— Data records —
# # #

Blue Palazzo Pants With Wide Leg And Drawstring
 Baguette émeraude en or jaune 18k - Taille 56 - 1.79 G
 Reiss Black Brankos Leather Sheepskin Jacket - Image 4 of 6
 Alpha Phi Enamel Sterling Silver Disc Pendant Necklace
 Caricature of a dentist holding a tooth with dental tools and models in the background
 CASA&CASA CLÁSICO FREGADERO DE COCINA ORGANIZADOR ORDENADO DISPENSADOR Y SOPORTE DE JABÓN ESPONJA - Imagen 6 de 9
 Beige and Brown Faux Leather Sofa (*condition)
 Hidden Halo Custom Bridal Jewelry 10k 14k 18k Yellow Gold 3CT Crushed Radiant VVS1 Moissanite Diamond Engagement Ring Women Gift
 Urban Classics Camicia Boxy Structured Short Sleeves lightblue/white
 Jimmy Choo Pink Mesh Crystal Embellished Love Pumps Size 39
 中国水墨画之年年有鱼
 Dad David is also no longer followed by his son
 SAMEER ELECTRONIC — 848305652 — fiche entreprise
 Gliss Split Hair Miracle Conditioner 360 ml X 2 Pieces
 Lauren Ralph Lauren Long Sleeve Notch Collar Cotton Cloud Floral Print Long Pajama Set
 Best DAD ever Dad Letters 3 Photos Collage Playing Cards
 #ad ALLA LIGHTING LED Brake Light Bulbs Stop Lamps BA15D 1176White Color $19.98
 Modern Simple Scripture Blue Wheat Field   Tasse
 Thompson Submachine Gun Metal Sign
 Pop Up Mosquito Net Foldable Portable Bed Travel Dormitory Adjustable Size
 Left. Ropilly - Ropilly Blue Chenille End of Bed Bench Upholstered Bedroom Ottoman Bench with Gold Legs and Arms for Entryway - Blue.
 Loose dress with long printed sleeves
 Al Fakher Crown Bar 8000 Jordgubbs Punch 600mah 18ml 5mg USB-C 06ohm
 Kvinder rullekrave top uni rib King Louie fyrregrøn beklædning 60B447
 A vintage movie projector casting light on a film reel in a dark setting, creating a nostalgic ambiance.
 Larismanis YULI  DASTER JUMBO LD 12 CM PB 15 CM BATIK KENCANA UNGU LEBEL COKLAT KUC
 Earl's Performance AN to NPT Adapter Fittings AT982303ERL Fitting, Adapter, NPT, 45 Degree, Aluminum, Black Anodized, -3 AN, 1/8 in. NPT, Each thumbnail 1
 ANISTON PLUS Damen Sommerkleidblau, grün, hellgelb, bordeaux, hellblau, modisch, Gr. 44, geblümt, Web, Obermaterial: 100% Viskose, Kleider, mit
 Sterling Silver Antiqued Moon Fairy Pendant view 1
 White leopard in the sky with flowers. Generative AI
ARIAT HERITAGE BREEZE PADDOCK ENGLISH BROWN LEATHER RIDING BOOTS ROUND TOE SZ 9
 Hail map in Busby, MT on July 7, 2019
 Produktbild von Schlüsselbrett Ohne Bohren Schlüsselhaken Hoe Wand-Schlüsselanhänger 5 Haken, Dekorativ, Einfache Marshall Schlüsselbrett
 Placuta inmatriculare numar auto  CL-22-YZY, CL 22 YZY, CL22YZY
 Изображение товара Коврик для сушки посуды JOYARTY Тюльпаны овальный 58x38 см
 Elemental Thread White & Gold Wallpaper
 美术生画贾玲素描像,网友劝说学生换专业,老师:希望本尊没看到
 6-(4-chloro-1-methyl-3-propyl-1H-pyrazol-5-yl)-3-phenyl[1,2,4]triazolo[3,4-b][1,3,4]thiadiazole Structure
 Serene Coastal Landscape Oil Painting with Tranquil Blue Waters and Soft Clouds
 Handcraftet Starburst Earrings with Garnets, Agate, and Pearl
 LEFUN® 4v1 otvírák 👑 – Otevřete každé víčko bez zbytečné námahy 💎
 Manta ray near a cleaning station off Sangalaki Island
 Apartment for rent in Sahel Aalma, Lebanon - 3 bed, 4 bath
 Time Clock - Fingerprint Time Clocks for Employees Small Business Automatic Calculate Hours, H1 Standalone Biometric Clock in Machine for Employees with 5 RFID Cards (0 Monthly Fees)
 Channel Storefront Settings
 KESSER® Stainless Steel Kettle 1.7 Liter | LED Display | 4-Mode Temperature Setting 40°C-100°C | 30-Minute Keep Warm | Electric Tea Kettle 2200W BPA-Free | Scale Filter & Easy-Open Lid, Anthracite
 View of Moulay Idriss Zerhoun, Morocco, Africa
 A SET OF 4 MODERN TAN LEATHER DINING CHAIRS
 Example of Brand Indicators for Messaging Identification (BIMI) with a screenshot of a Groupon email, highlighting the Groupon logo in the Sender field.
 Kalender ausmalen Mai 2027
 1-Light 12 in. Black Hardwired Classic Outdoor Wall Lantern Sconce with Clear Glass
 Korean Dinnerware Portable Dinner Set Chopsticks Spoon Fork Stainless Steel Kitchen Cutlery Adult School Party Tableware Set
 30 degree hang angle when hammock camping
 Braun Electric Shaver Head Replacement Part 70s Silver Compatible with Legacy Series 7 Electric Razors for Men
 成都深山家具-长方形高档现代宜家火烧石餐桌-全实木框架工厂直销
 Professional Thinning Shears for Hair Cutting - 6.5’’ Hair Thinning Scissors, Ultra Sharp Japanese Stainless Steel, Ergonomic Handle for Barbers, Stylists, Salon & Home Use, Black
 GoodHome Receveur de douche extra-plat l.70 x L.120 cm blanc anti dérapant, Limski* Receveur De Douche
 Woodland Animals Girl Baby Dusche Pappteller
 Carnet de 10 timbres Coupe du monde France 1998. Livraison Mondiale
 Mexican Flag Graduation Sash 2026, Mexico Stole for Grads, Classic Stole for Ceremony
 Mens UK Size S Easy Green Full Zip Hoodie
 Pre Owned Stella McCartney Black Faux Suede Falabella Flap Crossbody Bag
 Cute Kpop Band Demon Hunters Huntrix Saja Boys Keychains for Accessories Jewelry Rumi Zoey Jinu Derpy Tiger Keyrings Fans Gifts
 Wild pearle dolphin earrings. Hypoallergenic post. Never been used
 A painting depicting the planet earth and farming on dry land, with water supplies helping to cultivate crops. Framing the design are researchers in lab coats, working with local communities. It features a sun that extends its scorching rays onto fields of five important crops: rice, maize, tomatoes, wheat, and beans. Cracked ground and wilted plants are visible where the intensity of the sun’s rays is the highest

# # #

Exactly as shown above, return all of the entries.

— Exercise result —
Blue Palazzo Pants With Wide Leg And Drawstring
 Baguette émeraude en or jaune 18k - Taille 56 - 1.79 G
 Reiss Black Brankos Leather Sheepskin Jacket - Image 4 of 6
 Alpha Phi Enamel Sterling Silver Disc Pendant Necklace
 Caricature of a dentist holding a tooth with dental tools and models in the background
 CASA&CASA CLÁSICO FREGADERO DE COCINA ORGANIZADOR ORDENADO DISPENSADOR Y SOPORTE DE JABÓN ESPONJA - Imagen 6 de 9
 Beige and Brown Faux Leather Sofa (*condition)
 Hidden Halo Custom Bridal Jewelry 10k 14k 18k Yellow Gold 3CT Crushed Radiant VVS1 Moissanite Diamond Engagement Ring Women Gift
 Urban Classics Camicia Boxy Structured Short Sleeves lightblue/white
 Jimmy Choo Pink Mesh Crystal Embellished Love Pumps Size 39
 中国水墨画之年年有鱼
 Dad David is also no longer followed by his son
 SAMEER ELECTRONIC — 848305652 — fiche entreprise
 Gliss Split Hair Miracle Conditioner 360 ml X 2 Pieces
 Lauren Ralph Lauren Long Sleeve Notch Collar Cotton Cloud Floral Print Long Pajama Set
 Best DAD ever Dad Letters 3 Photos Collage Playing Cards
 #ad ALLA LIGHTING LED Brake Light Bulbs Stop Lamps BA15D 1176White Color $19.98
 Modern Simple Scripture Blue Wheat Field   Tasse
 Thompson Submachine Gun Metal Sign
 Pop Up Mosquito Net Foldable Portable Bed Travel Dormitory Adjustable Size
 Left. Ropilly - Ropilly Blue Chenille End of Bed Bench Upholstered Bedroom Ottoman Bench with Gold Legs and Arms for Entryway - Blue.
 Loose dress with long printed sleeves
 Al Fakher Crown Bar 8000 Jordgubbs Punch 600mah 18ml 5mg USB-C 06ohm
 Kvinder rullekrave top uni rib King Louie fyrregrøn beklædning 60B447
 A vintage movie projector casting light on a film reel in a dark setting, creating a nostalgic ambiance.
 Larismanis YULI  DASTER JUMBO LD 12 CM PB 15 CM BATIK KENCANA UNGU LEBEL COKLAT KUC
 Earl's Performance AN to NPT Adapter Fittings AT982303ERL Fitting, Adapter, NPT, 45 Degree, Aluminum, Black Anodized, -3 AN, 1/8 in. NPT, Each thumbnail 1
 ANISTON PLUS Damen Sommerkleidblau, grün, hellgelb, bordeaux, hellblau, modisch, Gr. 44, geblümt, Web, Obermaterial: 100% Viskose, Kleider, mit
 Sterling Silver Antiqued Moon Fairy Pendant view 1
 White leopard in the sky with flowers. Generative AI
ARIAT HERITAGE BREEZE PADDOCK ENGLISH BROWN LEATHER RIDING BOOTS ROUND TOE SZ 9
 Hail map in Busby, MT on July 7, 2019
 Produktbild von Schlüsselbrett Ohne Bohren Schlüsselhaken Hoe Wand-Schlüsselanhänger 5 Haken, Dekorativ, Einfache Marshall Schlüsselbrett
 Placuta inmatriculare numar auto  CL-22-YZY, CL 22 YZY, CL22YZY
 Изображение товара Коврик для сушки посуды JOYARTY Тюльпаны овальный 58x38 см
 Elemental Thread White & Gold Wallpaper
 美术生画贾玲素描像,网友劝说学生换专业,老师:希望本尊没看到
 6-(4-chloro-1-methyl-3-propyl-1H-pyrazol-5-yl)-3-phenyl[1,2,4]triazolo[3,4-b][1,3,4]thiadiazole Structure
 Serene Coastal Landscape Oil Painting with Tranquil Blue Waters and Soft Clouds
 Handcraftet Starburst Earrings with Garnets, Agate, and Pearl
 LEFUN® 4v1 otvírák 👑 – Otevřete každé víčko bez zbytečné námahy 💎
 Manta ray near a cleaning station off Sangalaki Island
 Apartment for rent in Sahel Aalma, Lebanon - 3 bed, 4 bath
 Time Clock - Fingerprint Time Clocks for Employees Small Business Automatic Calculate Hours, H1 Standalone Biometric Clock in Machine for Employees with 5 RFID Cards (0 Monthly Fees)
 Channel Storefront Settings
 KESSER® Stainless Steel Kettle 1.7 Liter | LED Display | 4-Mode Temperature Setting 40°C-100°C | 30-Minute Keep Warm | Electric Tea Kettle 2200W BPA-Free | Scale Filter & Easy-Open Lid, Anthracite
 View of Moulay Idriss Zerhoun, Morocco, Africa
 A SET OF 4 MODERN TAN LEATHER DINING CHAIRS
 Example of Brand Indicators for Messaging Identification (BIMI) with a screenshot of a Groupon email, highlighting the Groupon logo in the Sender field.
 Kalender ausmalen Mai 2027
 1-Light 12 in. Black Hardwired Classic Outdoor Wall Lantern Sconce with Clear Glass
 Korean Dinnerware Portable Dinner Set Chopsticks Spoon Fork Stainless Steel Kitchen Cutlery Adult School Party Tableware Set
 30 degree hang angle when hammock camping
 Braun Electric Shaver Head Replacement Part 70s Silver Compatible with Legacy Series 7 Electric Razors for Men
 成都深山家具-长方形高档现代宜家火烧石餐桌-全实木框架工厂直销
 Professional Thinning Shears for Hair Cutting - 6.5’’ Hair Thinning Scissors, Ultra Sharp Japanese Stainless Steel, Ergonomic Handle for Barbers, Stylists, Salon & Home Use, Black
 GoodHome Receveur de douche extra-plat l.70 x L.120 cm blanc anti dérapant, Limski* Receveur De Douche
 Woodland Animals Girl Baby Dusche Pappteller
 Carnet de 10 timbres Coupe du monde France 1998. Livraison Mondiale
 Mexican Flag Graduation Sash 2026, Mexico Stole for Grads, Classic Stole for Ceremony
 Mens UK Size S Easy Green Full Zip Hoodie
 Pre Owned Stella McCartney Black Faux Suede Falabella Flap Crossbody Bag
 Cute Kpop Band Demon Hunters Huntrix Saja Boys Keychains for Accessories Jewelry Rumi Zoey Jinu Derpy Tiger Keyrings Fans Gifts
 Wild pearle dolphin earrings. Hypoallergenic post. Never been used
 A painting depicting the planet earth and farming on dry land, with water supplies helping to cultivate crops. Framing the design are researchers in lab coats, working with local communities. It features a sun that extends its scorching rays onto fields of five important crops: rice, maize, tomatoes, wheat, and beans. Cracked ground and wilted plants are visible where the intensity of the sun’s rays is the highest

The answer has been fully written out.